Human rights tribunals are expensive, biased, clogged with frivolous claims, lack a clear mandate and take too long to render decisions.
That damning statement sums up the negative thoughts of employers about the Human Rights Tribunal of Ontario (HRTO), according to a survey of 235 HR professionals by the Human Resources Professionals Association (HRPA). (See “Bias problematic at human rights tribunal: Survey.”)
Workers can file nuisance claims using legal aid, without much risk, in the hope employers will pay the worker off — regardless of the claim’s merit — because it’s the cheaper and easier route.
It’s a high stakes game of chicken. An employee could say, “Just pay me $5,000 and I’ll go away.” The employer, looking at a legal bill twice that plus the hassle of fighting a battle that could drag on for months, might be tempted to cut a cheque and end the pain.
It’s easy to understand why employers feel the deck is clearly stacked against them — because it is.

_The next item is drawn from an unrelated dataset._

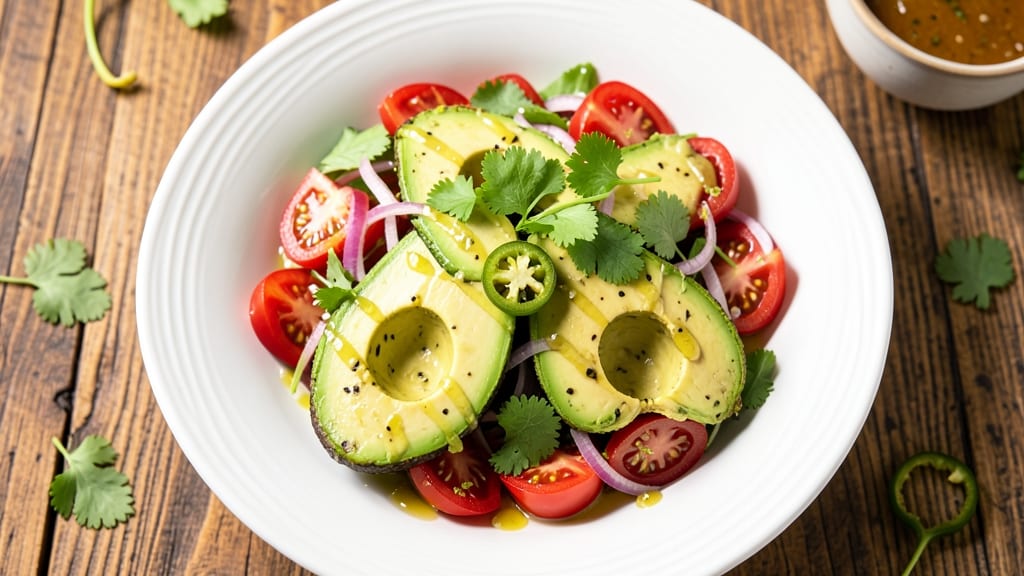 Avocado Pico De Gallo Salad Recipe: Zesty Lime and Cilantro Brightness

And that’s no accident.
See "The historic fight against sexual harassment" to understand why employers are guilty until proven innocent. Dianna Janzen and Tracy Govereau, two Winnipeg waitresses fed up with being sexually harassed by a co-worker and the inaction of management, took their fight all the way to the Supreme Court of Canada and changed the employment landscape in this country.
The laws may have changed thanks to these two women but the behaviour in too many workplaces has not. Visit Canadian Employment Law Today and you’ll uncover story after story of employers behaving badly, turning a blind eye or unwittingly condoning boorish behaviour.
Like the worker in British Columbia whose supervisor wouldn’t stop sending her text messages with sexual propositions and profanity. Or the black construction worker in Nova Scotia whose co-workers used the “N” word, told him a funeral home “just threw black people into a hole” and asked him if he ate chicken and watermelon. Or the farm in Quebec that had a nicely equipped cafeteria but wouldn’t let black workers anywhere near it. Instead, they had to use a filthy shack that was never cleaned, had no running water and no heat. The toilets had been condemned and graffiti at the farm read, “Here are our monkeys” and “Blacks are pigs.”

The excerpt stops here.